I have never seen a fire escape on the street front of a building before, only the sides and back. In some way it metonymizes Chinatown’s overall rundown condition…like people didn’t have the money to move the fire escape to a more functional, less obvious place. Or maybe the city didn’t care? Note all the boards in the windows to the left of the one with the fire escape. Pretty sure the sign in the lower left plate glass window says A LOUER [FOR RENT].
Yet another closed restaurant, La Maison VIP, has fancy golden Corinthian columns and nifty red-framed windows in unusual shapes.
Nonfunctioning clock, unexpected little balconies, and the sign of an apparently flourishing restaurant suggest the mixture of businesses, architectural styles, time periods, etc. you can find in such a small neighborhood.
A sunflower, full of vitality and beauty, delighted me on the property of the Montreal Chinese Pentecostal Church!
What’s this? New construction? Revitalization?
Oh… A bunch of small apartments with big prices. Fuckin’ gentrification.

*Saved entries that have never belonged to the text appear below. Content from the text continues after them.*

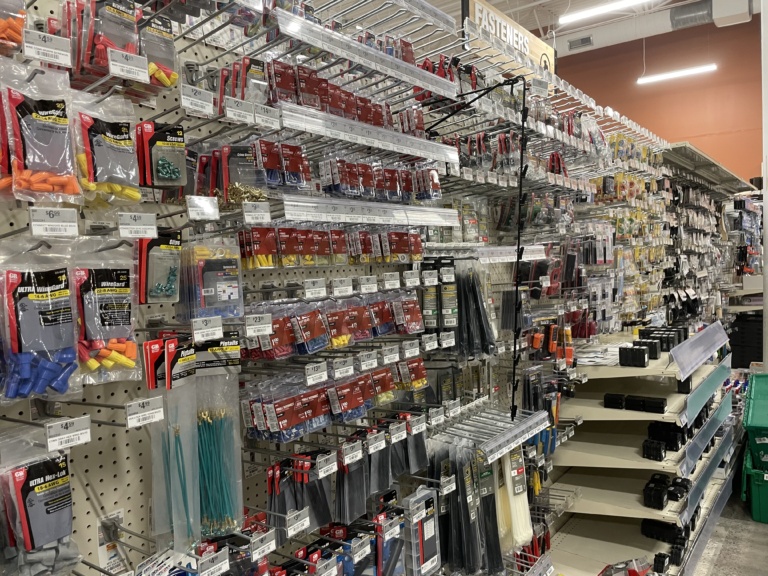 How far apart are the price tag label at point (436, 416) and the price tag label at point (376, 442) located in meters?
0.32

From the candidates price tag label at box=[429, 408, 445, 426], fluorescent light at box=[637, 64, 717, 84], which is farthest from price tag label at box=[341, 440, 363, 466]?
fluorescent light at box=[637, 64, 717, 84]

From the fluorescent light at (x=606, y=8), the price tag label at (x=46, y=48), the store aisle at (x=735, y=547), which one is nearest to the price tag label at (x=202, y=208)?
the price tag label at (x=46, y=48)

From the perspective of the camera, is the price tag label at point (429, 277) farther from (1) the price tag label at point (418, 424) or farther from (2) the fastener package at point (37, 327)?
(2) the fastener package at point (37, 327)

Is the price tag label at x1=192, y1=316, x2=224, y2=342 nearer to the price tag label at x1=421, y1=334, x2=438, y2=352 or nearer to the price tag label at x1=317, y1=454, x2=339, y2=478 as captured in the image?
the price tag label at x1=317, y1=454, x2=339, y2=478

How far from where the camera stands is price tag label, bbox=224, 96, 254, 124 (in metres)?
1.41

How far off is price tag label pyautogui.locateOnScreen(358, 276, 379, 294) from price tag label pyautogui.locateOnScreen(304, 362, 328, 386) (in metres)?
0.34

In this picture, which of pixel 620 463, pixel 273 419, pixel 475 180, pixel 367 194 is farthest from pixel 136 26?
pixel 620 463

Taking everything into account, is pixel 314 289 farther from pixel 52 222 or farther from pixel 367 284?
pixel 52 222

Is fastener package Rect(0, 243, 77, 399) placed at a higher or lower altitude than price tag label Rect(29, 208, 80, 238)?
lower

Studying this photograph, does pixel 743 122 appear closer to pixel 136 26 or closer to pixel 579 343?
pixel 579 343

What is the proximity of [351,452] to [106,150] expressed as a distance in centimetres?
114

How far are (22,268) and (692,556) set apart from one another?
4223mm

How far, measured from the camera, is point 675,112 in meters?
9.91

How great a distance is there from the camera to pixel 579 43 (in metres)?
9.69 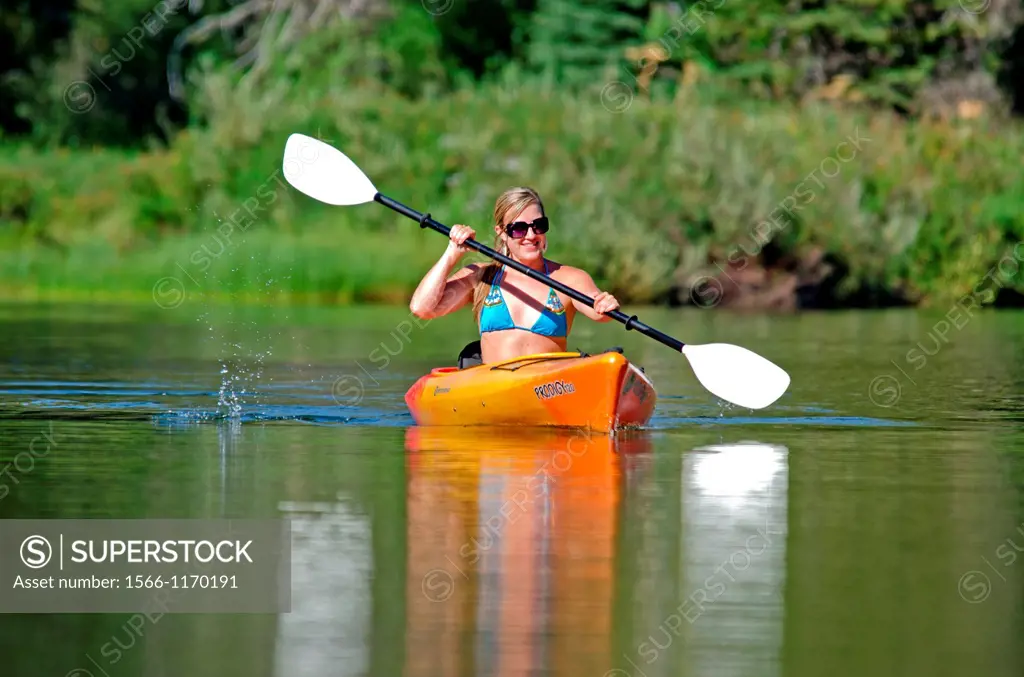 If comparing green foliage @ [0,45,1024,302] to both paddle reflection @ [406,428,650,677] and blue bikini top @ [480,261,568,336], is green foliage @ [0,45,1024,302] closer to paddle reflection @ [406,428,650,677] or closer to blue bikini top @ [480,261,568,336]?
blue bikini top @ [480,261,568,336]

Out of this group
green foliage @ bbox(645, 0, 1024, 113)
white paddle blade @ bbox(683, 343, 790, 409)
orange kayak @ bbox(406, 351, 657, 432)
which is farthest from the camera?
green foliage @ bbox(645, 0, 1024, 113)

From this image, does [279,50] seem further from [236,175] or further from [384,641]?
[384,641]

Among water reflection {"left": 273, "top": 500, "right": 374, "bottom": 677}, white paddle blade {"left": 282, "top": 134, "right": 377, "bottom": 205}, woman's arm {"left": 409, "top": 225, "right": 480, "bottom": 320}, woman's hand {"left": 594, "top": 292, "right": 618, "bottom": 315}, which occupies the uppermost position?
white paddle blade {"left": 282, "top": 134, "right": 377, "bottom": 205}

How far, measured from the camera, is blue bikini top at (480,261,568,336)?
11.7m

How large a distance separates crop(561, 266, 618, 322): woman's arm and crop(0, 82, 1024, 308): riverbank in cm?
1259

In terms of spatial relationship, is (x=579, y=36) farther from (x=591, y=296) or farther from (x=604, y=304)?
(x=604, y=304)

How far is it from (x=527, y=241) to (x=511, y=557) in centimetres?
453

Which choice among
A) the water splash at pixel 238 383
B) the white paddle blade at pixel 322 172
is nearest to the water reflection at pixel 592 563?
the water splash at pixel 238 383

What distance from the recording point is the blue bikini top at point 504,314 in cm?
1166

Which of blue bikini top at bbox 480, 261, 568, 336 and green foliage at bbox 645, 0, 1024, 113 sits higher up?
green foliage at bbox 645, 0, 1024, 113

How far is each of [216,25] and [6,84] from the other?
430cm

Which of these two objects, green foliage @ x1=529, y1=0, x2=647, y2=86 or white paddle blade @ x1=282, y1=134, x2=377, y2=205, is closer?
white paddle blade @ x1=282, y1=134, x2=377, y2=205

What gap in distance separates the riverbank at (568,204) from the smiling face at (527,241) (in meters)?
12.8

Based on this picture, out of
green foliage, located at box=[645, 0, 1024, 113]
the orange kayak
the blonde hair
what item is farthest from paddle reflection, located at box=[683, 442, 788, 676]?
green foliage, located at box=[645, 0, 1024, 113] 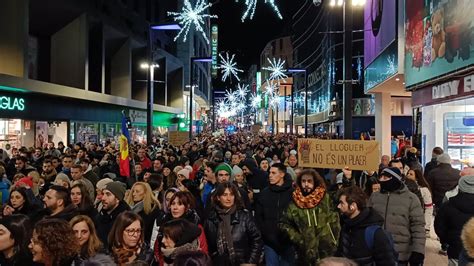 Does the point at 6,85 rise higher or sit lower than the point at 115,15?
lower

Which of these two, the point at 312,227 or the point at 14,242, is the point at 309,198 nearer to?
the point at 312,227

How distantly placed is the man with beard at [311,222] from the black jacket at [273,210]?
476 millimetres

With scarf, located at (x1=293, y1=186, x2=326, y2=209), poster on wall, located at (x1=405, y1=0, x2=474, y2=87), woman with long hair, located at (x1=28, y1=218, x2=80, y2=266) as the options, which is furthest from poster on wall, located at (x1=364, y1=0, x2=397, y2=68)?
woman with long hair, located at (x1=28, y1=218, x2=80, y2=266)

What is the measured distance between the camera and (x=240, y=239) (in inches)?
224

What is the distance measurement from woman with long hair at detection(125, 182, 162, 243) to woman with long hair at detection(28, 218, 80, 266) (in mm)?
2372

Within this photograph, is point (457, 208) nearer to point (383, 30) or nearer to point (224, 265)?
point (224, 265)

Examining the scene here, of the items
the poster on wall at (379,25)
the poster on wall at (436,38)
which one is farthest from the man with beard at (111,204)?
the poster on wall at (379,25)

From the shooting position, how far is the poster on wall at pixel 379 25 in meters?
19.7

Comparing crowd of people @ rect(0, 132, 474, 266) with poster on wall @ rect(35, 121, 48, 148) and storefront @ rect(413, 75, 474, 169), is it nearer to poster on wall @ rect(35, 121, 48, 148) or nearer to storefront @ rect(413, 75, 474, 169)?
storefront @ rect(413, 75, 474, 169)

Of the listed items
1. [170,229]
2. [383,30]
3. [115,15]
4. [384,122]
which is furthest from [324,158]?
[115,15]

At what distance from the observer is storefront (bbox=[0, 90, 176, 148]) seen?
23641mm

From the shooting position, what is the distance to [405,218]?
621 cm

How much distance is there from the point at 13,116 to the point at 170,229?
838 inches

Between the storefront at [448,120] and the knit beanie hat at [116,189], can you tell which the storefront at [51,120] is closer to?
the storefront at [448,120] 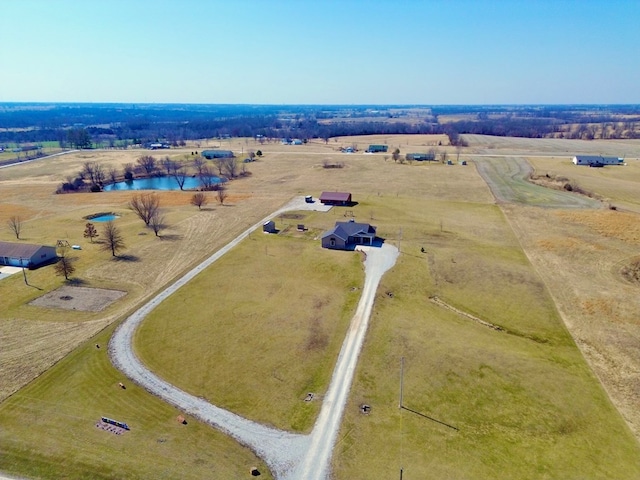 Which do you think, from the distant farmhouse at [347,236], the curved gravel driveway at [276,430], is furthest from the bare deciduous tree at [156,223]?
the distant farmhouse at [347,236]

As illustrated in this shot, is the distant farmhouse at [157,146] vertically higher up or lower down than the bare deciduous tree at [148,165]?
higher up

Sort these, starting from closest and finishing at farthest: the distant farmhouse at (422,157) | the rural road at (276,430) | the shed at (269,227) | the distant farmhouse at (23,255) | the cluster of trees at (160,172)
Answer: the rural road at (276,430)
the distant farmhouse at (23,255)
the shed at (269,227)
the cluster of trees at (160,172)
the distant farmhouse at (422,157)

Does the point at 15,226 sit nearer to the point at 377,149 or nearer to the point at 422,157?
the point at 422,157

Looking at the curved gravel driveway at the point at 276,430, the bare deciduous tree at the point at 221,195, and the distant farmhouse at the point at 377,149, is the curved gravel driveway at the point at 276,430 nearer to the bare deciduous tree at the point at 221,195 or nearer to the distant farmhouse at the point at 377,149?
the bare deciduous tree at the point at 221,195

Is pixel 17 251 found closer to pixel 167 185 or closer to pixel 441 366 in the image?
pixel 441 366

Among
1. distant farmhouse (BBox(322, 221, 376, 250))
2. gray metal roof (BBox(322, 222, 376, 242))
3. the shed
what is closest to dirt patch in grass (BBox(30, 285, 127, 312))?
the shed

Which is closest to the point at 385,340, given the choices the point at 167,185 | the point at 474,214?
the point at 474,214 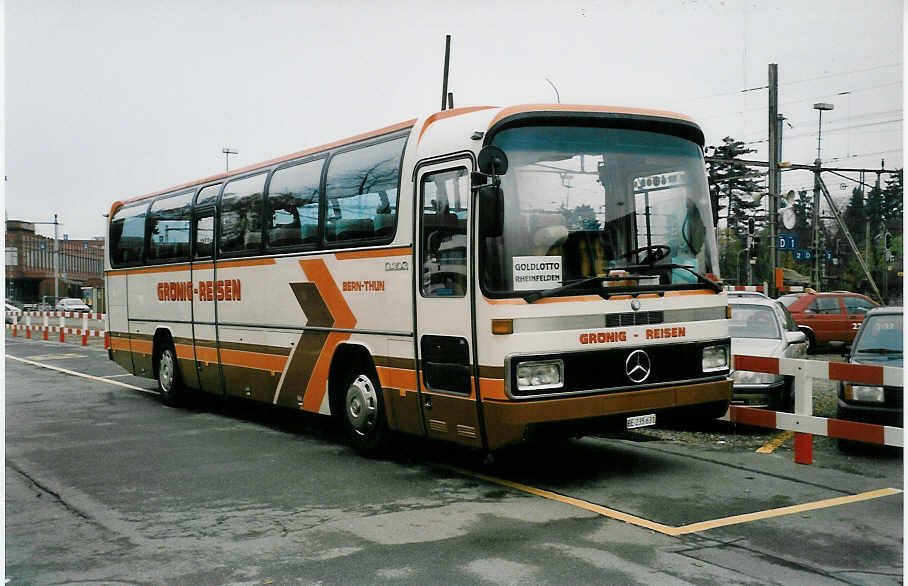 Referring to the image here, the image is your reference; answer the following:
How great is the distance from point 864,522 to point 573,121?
365cm

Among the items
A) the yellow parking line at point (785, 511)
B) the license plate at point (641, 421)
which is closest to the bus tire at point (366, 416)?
the license plate at point (641, 421)

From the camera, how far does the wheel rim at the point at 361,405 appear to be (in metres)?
8.84

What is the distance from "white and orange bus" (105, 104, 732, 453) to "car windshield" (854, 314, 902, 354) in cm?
225

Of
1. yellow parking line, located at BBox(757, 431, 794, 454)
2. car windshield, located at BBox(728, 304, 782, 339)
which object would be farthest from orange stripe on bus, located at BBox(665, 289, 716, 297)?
car windshield, located at BBox(728, 304, 782, 339)

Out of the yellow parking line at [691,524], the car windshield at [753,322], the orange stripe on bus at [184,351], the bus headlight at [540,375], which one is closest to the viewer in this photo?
the yellow parking line at [691,524]

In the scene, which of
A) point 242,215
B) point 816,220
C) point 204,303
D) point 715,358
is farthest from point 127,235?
point 816,220

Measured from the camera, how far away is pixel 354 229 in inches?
357

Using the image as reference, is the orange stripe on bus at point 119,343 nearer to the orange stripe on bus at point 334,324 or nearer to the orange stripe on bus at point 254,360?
the orange stripe on bus at point 254,360

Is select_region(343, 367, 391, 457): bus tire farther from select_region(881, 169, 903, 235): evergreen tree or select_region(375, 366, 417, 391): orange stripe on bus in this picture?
select_region(881, 169, 903, 235): evergreen tree

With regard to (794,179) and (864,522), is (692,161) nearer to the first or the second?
(864,522)

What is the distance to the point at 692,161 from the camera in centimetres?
814

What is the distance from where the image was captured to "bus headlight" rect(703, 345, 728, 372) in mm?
8016

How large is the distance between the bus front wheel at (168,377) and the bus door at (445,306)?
21.1 feet

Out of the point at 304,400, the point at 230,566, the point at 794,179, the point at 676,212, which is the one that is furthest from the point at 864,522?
the point at 794,179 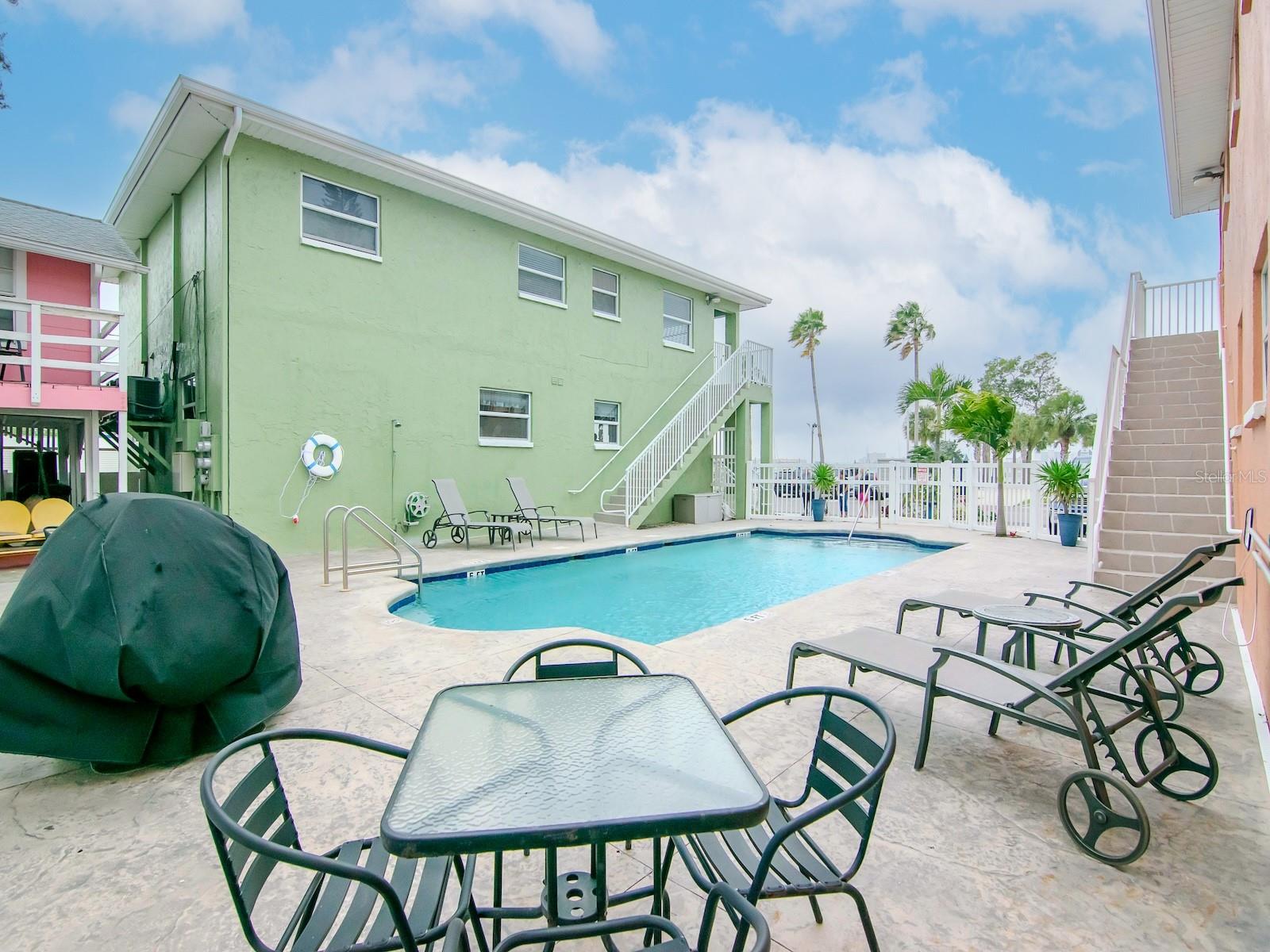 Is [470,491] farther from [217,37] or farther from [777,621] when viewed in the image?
[217,37]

As I completed my walk, this ghost advertisement, which touts the “elasticity and strength” of Cardinelli’s “sewing silk,” caught my eye. I’m totally serious — an opportunity for a strained metaphor just descended from above. Naturally, as a writer in love with figurative language, I took advantage of it. I wondered if Montreal’s Chinatown, which has changed so much over the years, might exhibit similar elasticity and strength as the people, inhabitants, business owners, and visitors, face future challenges.